Tensioni e malumori crescenti nella maggioranza arrivano da più parti. Dalla politica estera e internazionale e da quella interna…

In particolare le parole di Berlusconi sulla guerra in Ucraina hanno creato un doppio fronte. Quello della risposta diretta di Zelensky e quello della stessa compagine di maggioranza che non ha ben accolto le esternazioni dell'alleato. "Io credo che la casa di Berlusconi non sia mai stata bombardata, mai siano arrivati con i carri armati nel suo giardino", ha detto il presidente ucraino, come a dire che altrimenti il Cavaliere non avrebbe mai tuonato contro di lui pochi giorni fa. L'eco di quelle frecciate arriva immediato ad Arcore. Monta l'irritazione, ma per il momento nessuna risposta. Bocche cucite fra i fedelissimi del Cavalere ma a nessuno sfugge il contesto di quelle dichiarazioni. Uno scenario quasi bipolare. Da una parte il presidente del consiglio Meloni appena rientrata da Kiev dove ha ribadito il sostegno italiano e dall'altra Berlusconi che si posiziona fuori questo perimetro. Zelensky non si sottrae alle domande dei giornalisti sul Cavaliere. Ma quello che non va giù a molti, dentro Forza Italia, è la reazione della presidente del Consiglio: la sua difesa di Berlusconi viene percepita come troppo tiepida e poco esplicita. Parole che nascondono una doppia linea sull'Ucraina.

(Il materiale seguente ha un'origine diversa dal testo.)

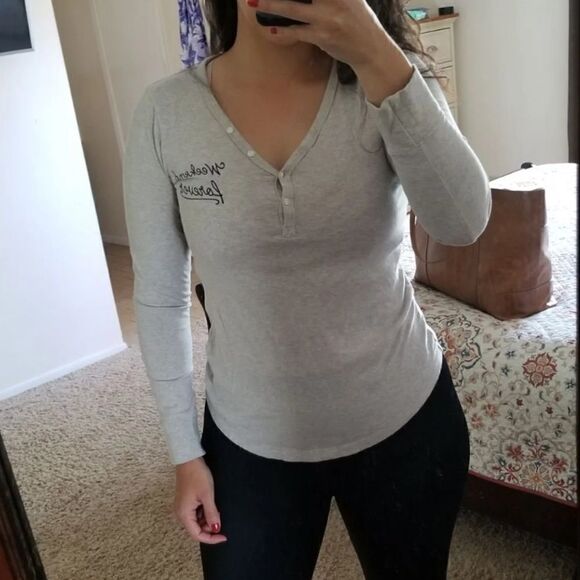 H&M weekend forever long slee tee 5 for $25 - Picture 1 of 5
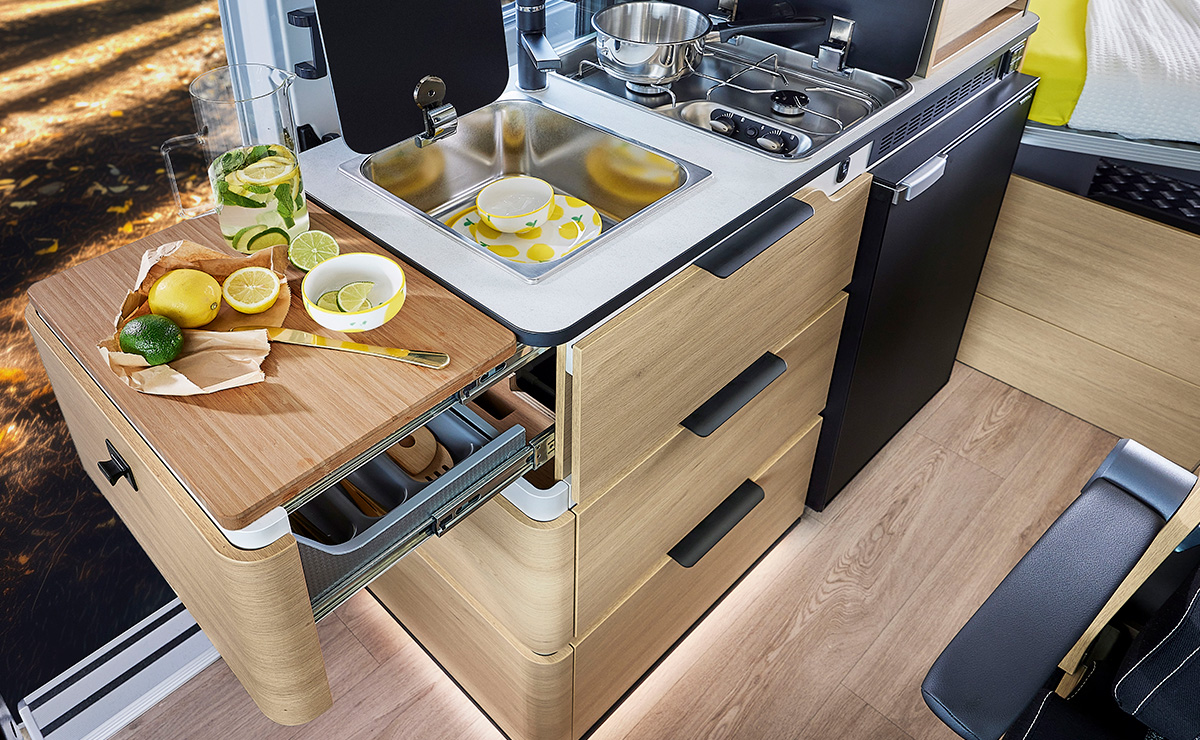 Campervan Dreamer D43 SELECT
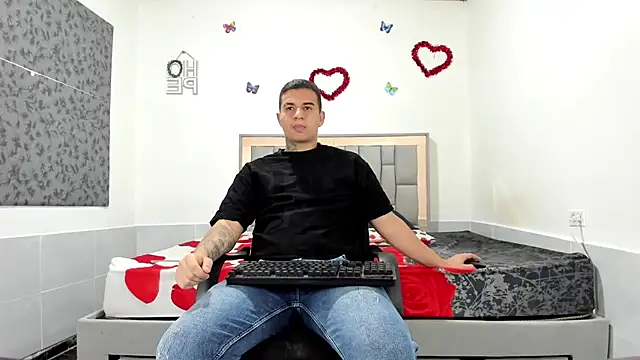 Snapshot of simookeler chatting on 5, 10, 2025 simookeler online show from 5, 10, 2025
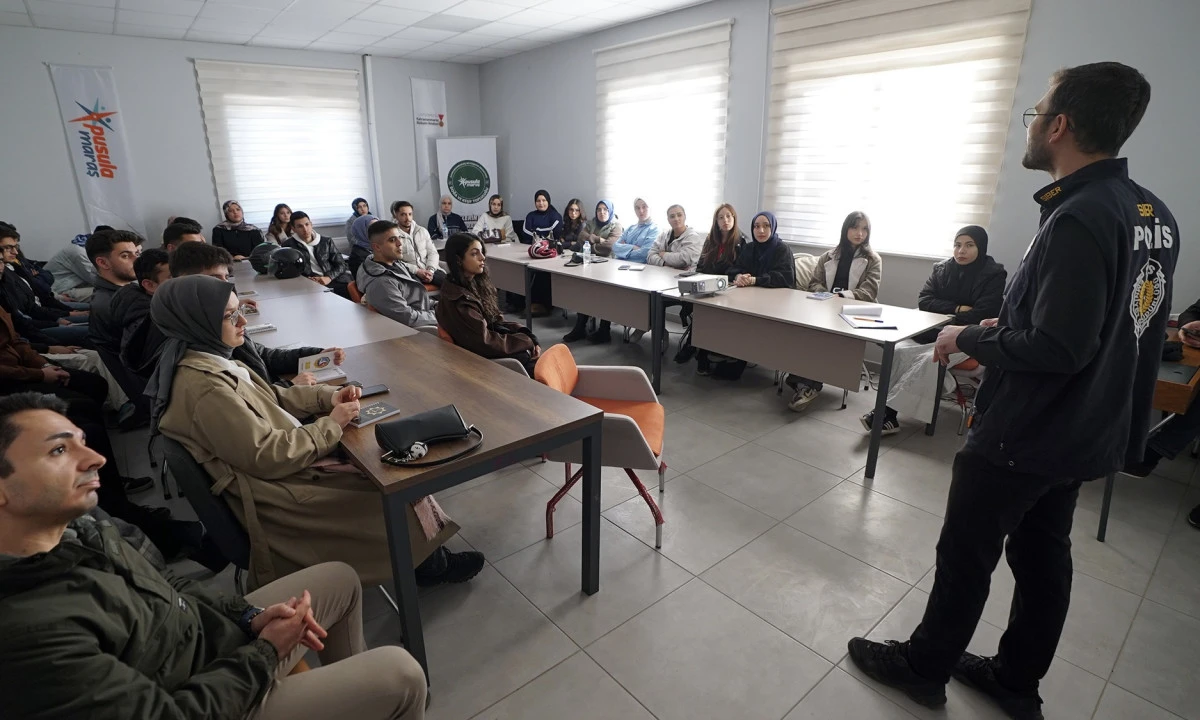 Bilin&ccedil;li Gen&ccedil;lik İ&ccedil;in &Ouml;rnek Buluşma; Pusula Maraş&rsquo;tan Farkındalık Semineri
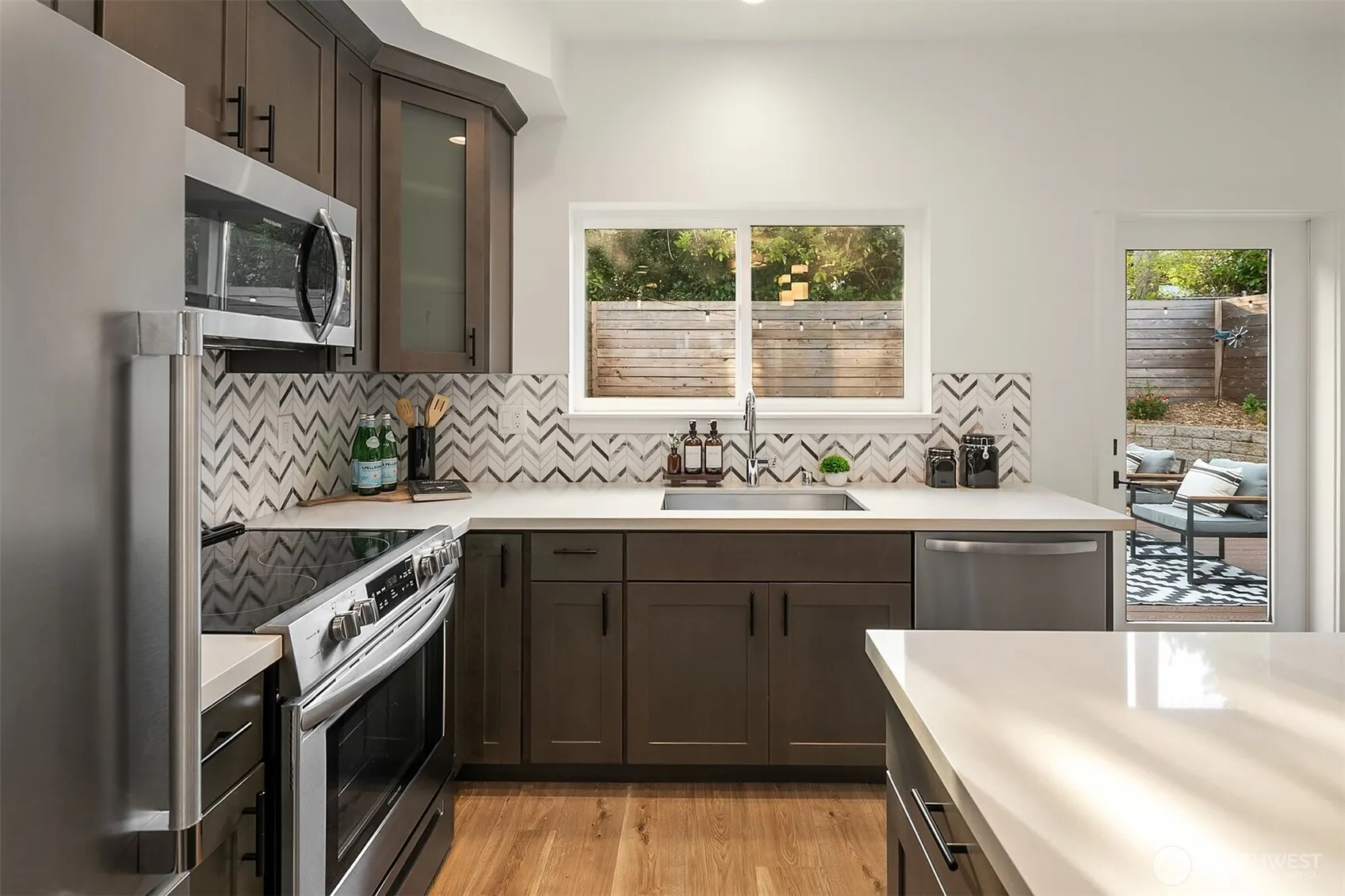 13707 B 1st Avenue NE, Seattle, WA 98125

Quello che si è visto è uno Zelensky scatenato contro Silvio Berlusconi quello che risponde alle domande della stampa italiana durante la conferenza con Giorgia Meloni. Il contrario di quello che aveva immaginato fosse il risvolto della sua visita in Ucraina. La premier aveva impostato questa visita su un altro profilo: massima, totale adesione alla battaglia di Kyiv, sostegno agli aiuti militari, rilancio di una conferenza per la ricostruzione. Tutto cancellato in pochi minuti. Anzi una faglia all'interno del centrodestra e della maggioranza. Altra faglia è quella sul superbonus. Il governo è alle prese nel cercare una soluzione per ridurre il danno. La cancellazione di una misura senza prevederne modifiche o sostituzioni con altre, ha creato solo sconcerto tra i beneficiari della misura stessa. A prescindere dall'impatto che questa stesse creando. Anche qui Forza Italia si muove in autonomia cercando una propria soluzione. Il partito azzurro infatti fin da subito ha avanzato una serie di richieste di modifiche e in mattinata ha incontrato alla Camera il presidente dell'Associazione nazionale costruttori edili.

Il Pd, per voce del vicecapogruppo alla Camera Piero De Luca, parla di "pasticcio" a proposito del decreto Superbonus e sottolinea il danno a imprese e famiglie con il rischio di una perdita di oltre 100mila posti di lavoro. Anche la Cgil è molto critica. "Il Governo cancella la possibilità di cedere il credito fiscale e di ottenere lo sconto in fattura non solo per il superbonus 110% – ora già 90% -, ma anche per tutti i bonus edilizi, energetici, antisismici e per quelli finalizzati alla rimozione delle barriere architettoniche, senza alcun confronto con le rappresentanze dei lavoratori e con i sindacati che tutelano gli inquilini". "È il colpo di grazia agli interventi di riqualificazione, efficientamento e messa in sicurezza che colpisce, oltre al sistema produttivo – con la sicura chiusura di imprese e perdita di migliaia di posti di lavoro – i contribuenti con bassi redditi i quali, privati di questi insostituibili strumenti di sostegno reale, non potranno utilizzare la detrazione pluriennale, perché incapienti rispetto all'entità dei lavori. Insomma, condomìni e case popolari saranno di fatto esclusi, dopo i già restrittivi termini fissati in legge di Bilancio, da qualsiasi processo di riqualificazione del patrimonio".